“Words mean more than what is set down on paper. It takes the human voice to infuse them with shades of deeper meaning.” - Maya Angelou She has the tiniest little voice. I sat next to her at our friend Lesley’s café, sipping cup after cup of wonderful, rich, café latte; catching up with girlfriends on work and family and life. Loud laughter and quiet musings; sharing story after story as the hours ticked by. ‘This is me,’ our words say aloud. ‘This is who I am. This is who we are.’
Mel’s daughter is a tiny little thing. Nestled under blankets and warm, cozy Snugglies, her car seat envelopes her petite little body. That is, when she isn’t being passed around by several dotting “aunties” who love to hold her close, love to feel her silky smooth locks and smell that magnificent baby smell that our now teenage sons used to have once upon a time.
She had fallen asleep. Despite the loud din of the café, she had had enough and closed her eyes somewhere in the midst of the discussion that centered on how many Weight Watchers points were in a large slice of sausage and mushroom pizza and just how on earth one could be expected to eat only one slice anyway.
And then I heard it. Just like the Whos on the dust speck calling out to Horton, she began to peep. “I am here. I am here.” Tiny baby peeps. Soft, gentle sounds rising up from this little creature. “I am here. Pay attention. I am… here.”

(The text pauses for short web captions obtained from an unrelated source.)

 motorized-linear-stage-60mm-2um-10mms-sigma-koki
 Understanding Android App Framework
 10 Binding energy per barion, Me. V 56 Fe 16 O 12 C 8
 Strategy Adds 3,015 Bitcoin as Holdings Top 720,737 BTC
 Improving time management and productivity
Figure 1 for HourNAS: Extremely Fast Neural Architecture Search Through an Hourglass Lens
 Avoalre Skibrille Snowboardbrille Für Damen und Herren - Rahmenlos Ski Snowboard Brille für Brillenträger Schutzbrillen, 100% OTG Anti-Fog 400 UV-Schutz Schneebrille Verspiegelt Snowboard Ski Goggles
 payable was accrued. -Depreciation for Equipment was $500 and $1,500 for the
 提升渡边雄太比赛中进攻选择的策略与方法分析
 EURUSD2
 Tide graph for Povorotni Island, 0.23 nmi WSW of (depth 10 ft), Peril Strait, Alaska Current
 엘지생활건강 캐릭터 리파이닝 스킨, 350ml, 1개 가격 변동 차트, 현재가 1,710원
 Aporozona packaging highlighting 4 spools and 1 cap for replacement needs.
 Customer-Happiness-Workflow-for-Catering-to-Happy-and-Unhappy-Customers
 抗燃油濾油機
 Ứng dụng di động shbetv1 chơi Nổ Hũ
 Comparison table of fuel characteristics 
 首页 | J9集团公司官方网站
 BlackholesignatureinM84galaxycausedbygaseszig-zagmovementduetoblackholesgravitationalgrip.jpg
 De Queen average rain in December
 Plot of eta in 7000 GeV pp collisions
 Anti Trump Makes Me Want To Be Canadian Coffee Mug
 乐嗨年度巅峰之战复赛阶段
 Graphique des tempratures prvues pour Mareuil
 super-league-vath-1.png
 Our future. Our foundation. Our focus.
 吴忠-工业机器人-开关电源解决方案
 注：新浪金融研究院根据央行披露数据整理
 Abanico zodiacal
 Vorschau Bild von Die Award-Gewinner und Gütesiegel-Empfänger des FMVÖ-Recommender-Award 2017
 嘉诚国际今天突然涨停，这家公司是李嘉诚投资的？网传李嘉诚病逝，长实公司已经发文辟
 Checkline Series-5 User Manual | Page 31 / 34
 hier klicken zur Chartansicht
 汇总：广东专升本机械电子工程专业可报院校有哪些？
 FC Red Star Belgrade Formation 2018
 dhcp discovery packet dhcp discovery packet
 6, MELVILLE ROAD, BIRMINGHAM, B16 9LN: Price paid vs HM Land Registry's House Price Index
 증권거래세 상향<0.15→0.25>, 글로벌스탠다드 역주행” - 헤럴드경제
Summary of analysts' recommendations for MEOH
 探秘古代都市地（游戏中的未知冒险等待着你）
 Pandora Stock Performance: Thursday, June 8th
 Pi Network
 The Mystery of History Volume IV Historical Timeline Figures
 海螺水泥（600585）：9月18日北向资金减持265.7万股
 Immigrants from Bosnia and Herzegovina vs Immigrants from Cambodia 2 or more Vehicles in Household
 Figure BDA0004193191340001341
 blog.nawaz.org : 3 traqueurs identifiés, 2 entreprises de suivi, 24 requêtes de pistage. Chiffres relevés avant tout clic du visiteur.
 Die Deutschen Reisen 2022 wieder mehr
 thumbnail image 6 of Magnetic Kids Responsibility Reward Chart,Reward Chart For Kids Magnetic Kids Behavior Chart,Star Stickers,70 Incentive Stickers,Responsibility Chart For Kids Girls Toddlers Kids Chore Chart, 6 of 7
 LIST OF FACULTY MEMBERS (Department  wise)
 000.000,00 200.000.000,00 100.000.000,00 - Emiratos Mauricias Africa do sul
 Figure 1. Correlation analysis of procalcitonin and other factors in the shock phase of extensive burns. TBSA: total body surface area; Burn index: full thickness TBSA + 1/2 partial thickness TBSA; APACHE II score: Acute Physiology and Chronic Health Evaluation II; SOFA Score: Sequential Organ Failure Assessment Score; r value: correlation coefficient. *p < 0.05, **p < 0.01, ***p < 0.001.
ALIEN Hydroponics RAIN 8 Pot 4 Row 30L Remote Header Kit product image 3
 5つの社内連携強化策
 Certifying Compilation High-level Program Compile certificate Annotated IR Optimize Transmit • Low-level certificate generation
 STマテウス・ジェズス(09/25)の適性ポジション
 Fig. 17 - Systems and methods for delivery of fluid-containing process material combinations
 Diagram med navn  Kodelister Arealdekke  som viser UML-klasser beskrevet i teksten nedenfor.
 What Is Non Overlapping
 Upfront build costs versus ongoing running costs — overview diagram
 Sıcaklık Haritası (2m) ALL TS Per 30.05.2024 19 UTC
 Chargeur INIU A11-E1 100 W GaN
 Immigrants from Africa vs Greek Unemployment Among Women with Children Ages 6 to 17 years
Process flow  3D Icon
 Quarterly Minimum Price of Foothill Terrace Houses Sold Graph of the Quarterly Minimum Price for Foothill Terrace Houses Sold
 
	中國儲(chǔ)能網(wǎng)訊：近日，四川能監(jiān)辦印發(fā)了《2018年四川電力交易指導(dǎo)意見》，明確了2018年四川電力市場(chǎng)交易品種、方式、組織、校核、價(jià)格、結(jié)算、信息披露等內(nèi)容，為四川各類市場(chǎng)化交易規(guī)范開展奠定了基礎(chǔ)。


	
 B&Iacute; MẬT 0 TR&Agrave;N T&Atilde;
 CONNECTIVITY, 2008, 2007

I remember when my sons’ voices sounded like that. When we hung on their every word. When no matter what we were doing, who we were talking to or what we were saying, suddenly that wasn’t as important as the tiny little peep that was trying to find its place in the world.
And over time those little voices grew. Louder and stronger and more confident. They grew from the tiniest of peeps to an often not so dull roar. ‘This is me. Pay attention. This is who I am.’ And we do.
There are, however, people all over this country who have lost their voice, forgotten what it is like to stand up and speak out and have people listen. Men and women with voices that are not heard, voices that began much the same way as yours and mine, but instead of growing louder and stronger and more confident, grew silent, because no one would listen.
On Thursday evening, as we gathered together to write, I borrowed a prompt from the author of Becca’s byline, “Seven things I want you to know about me.” I wondered what would come of it, wondered if it was too confusing or vague or unclear.
I needn’t have.
“I’m tall, but that’s OK. I’m also shallow. My appearance affects my behavior and visa versa. If I slouch about, I’m likely to be depressed.
I’m a friend. I make myself reach out to other people. I don’t do it naturally though. I want to be on friendly terms with myself, deciding between what I actually need to say and what I just want to.
I tend to isolate. Growing up with my family meant intimacy was hard to come by. Thank God for the pets we children had.
Negativity plagues me. I can be immobilized by dark moods, adjusting to limits on my physical body – strength, stamina associated with aging gets me depressed as if nothing can be enjoyed the way it once was and I sit and stew.
My muses are the outdoors and music. Cabin fever drives me outside to the wonders out there. Music is in the air and goes through me.
I’m a boat nut. I enjoy a boat as entertainment rather than transportation. My boat is my favorite recreation.
I like woodworking. The boat is wood. When I put the pieces of wood together, a concept, joining with the water, becomes concrete.” - D.S.
“I was the child of a military man, better known as an army brat. My nature is airy and mercurial and moving every two years fit my nature.
I always had a very vivid imagination but I kept my thoughts private. I dreamt of princess castles and knights in shining armour and cowboys and Indians.
When I as a young girl, Barbie was my best friend.
The happiest day of my life was the day my daughter was born, the day God entrusted me as her mother.
Roses were never so sweet as when mother used her own Wilton magic tools to shape her icing roses with all the precision of a master baker, each petal, each leaf perfectly shaped and placed on the doll cakes she made me and my sister for our birthdays.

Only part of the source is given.